El peligro es real en esa Francia ocupada, y mejor destino es un tiro en la cabeza antes de que te agarren hijos de perra sádicos con ganas de juerga.
Es, de hecho, de admirar cómo se retrata el infierno de la guerra: fantasmales tierras sin dueño, trincheras cavadas en cualquier espacio cotidiano, cuerpos apiñados cual basura inservible, y una ferocidad en las miradas de todos, tanto militares como lugareños, que tan pronto se contiene ante la muerte segura como arde frente a la injusticia más cobarde.
El director Julius Avery, de hecho, no busca solo la pura diversión de sus figuritas bélicas, y planta en la naturaleza de Boyce, nuestros ojos y oídos, la resistencia a quitar cualquier vida innecesaria, en un punto del conflicto en el que todos sus compañeros piensan que menos sangre no va a lavar pecados en un bando ni en otro.
Se trata de un detalle pequeño, circunstancial, una excusa para meterles en problemas, pero que supone toda una diferencia cuando los monstruos parece que no (les) dejan de existir ni en vida ni en muerte: la cabronidad habita ahora en carne podrida y sonrisa deforme, por lo que tal vez la única salida del infierno sea preocuparse por hasta la última de las personas, en vez de usarlas como envases desechables.
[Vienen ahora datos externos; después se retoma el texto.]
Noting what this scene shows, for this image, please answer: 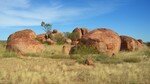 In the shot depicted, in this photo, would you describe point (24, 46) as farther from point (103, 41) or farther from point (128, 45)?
point (128, 45)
Hay una ironía muy cínica en pensar que estos hombres muertos que andan se enfrentan a otros tantos hombres muertos, y su contribución al Día D apenas se contará en una línea de documento.
Pero así fue la guerra: brutal, depredadora y anónima.
Un cóctel indigesto en el que ideologías, caracteres y puntos estratégicos buscaban una excusa a por qué sacamos nuestros bajos instintos en cuanto pensamos que "nos toca ganar".
Lo mejor, el punto más afinado, es que una vez pasado el horror, se oiga a uno de los soldados: "¡y púm! Entraremos en Berlín directamente reventando la cabeza de Hitler".
Como si gente volviendo a vida, experimentos cárnicos o un sargento hijo del Diablo con complejo dionisíaco hubieran sido solo eso, otro chiste malo de la contienda.